Universal's DTS-HD Master Audio 5.1 surround track is just as impressive, embracing the film's hushed conversations and classy musical score with the same meticulous care it affords its characters' guttural screams and its other nauseating sound effects. Regardless of intensity or volume, dialogue remains clear and intelligible, only disappearing from the soundscape when Iliadis allows Stephen Coleman's haunting orchestral harmonies to dominate the stage. The rear speakers give the forests depth and the third-act rainstorm life, and bless the Collingwood homestead with enough acoustic excellence to increase the tension of John and Emma's inevitable hunt. More importantly, ambience is engaging, directionality is precise, and LFE output is confident and refined. It's an odd compliment to pay to the track, but the soundfield was so immersive that I lowered the volume several times just to distance myself from the on-screen violence. If it weren't for a few normalization mishaps (that primarily occur during the Collingwoods' climactic struggle), I probably would have given this one a higher score. In the end, horror fans will be pleased with how well the track enhances the sense of dread that permeates the film, and audiophiles will be satisfied with its overall sonic prowess.

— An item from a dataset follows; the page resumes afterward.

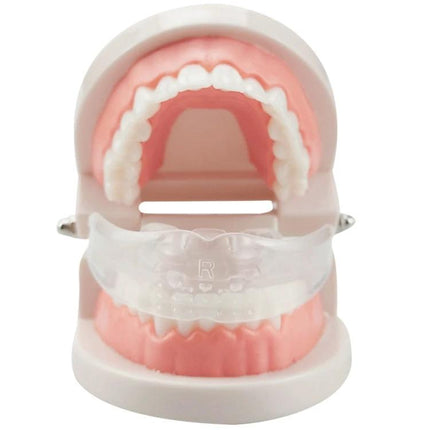 Orthodontic Silicone Simulation Braces For Nighttime Use clear TPE nighttime mouth guard on dental model for gentle sleep alignment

For a remake of such a touted horror classic, I'm surprised the Blu-ray edition of Last House on the Left doesn't offer more supplemental content. Do we get an audio commentary comparing the new film to its forebearer? Nope. An extensive documentary examining the production? Sorry. All we get is a nine-minute reel of bland deleted scenes (in standard definition no less), a three-minute HD promo with Wes Craven, Universal's "My Scenes" bookmarking feature, BD-Live functionality, and D-Box support. Ah well, at least the disc includes both the theatrical and unrated cuts of the film.
Last House on the Left is a tricky film to review. In many ways it's superior to Wes Craven's low-budget original, in others it's an over-polished imitation. As it stands, Dennis Iliadis' flick will continue to divide horror fans into three camps: those who prefer Craven's 1972 version, those who favor this wholly competent remake, and those who can't understand how anyone could enjoy either one. Thankfully, its Blu-ray release is a solid one... regardless of which camp you call home. While the disc's limited special features are a definite disappointment, its faithful video transfer and affecting DTS-HD Master Audio track help soften the blow. Ultimately, fans will find Universal's AV presentation justifies the cost of admission, but newcomers will want to rent the film before committing to a purchase.